START DATA SHOWN

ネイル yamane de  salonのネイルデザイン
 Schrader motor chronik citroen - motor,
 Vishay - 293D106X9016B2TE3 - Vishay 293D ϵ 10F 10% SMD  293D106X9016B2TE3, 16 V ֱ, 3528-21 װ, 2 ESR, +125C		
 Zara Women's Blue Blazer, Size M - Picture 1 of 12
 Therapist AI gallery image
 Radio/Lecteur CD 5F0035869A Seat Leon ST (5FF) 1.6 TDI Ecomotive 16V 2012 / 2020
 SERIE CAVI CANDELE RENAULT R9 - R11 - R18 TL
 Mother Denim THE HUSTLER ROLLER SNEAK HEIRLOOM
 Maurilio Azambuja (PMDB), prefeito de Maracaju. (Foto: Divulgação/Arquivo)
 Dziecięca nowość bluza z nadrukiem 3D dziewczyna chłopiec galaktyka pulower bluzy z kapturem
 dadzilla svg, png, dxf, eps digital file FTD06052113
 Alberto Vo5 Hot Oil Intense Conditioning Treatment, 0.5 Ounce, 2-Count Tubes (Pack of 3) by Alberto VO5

END DATA SHOWN

▸ EXERCISE:
Give back precisely the lines above that start at the line containing "Zara Women's Blue" and end at the line containing "Mother Denim THE", inclusive. No other lines belong in the output.

▸ RESULT OF THE EXERCISE:
 Zara Women's Blue Blazer, Size M - Picture 1 of 12
 Therapist AI gallery image
 Radio/Lecteur CD 5F0035869A Seat Leon ST (5FF) 1.6 TDI Ecomotive 16V 2012 / 2020
 SERIE CAVI CANDELE RENAULT R9 - R11 - R18 TL
 Mother Denim THE HUSTLER ROLLER SNEAK HEIRLOOM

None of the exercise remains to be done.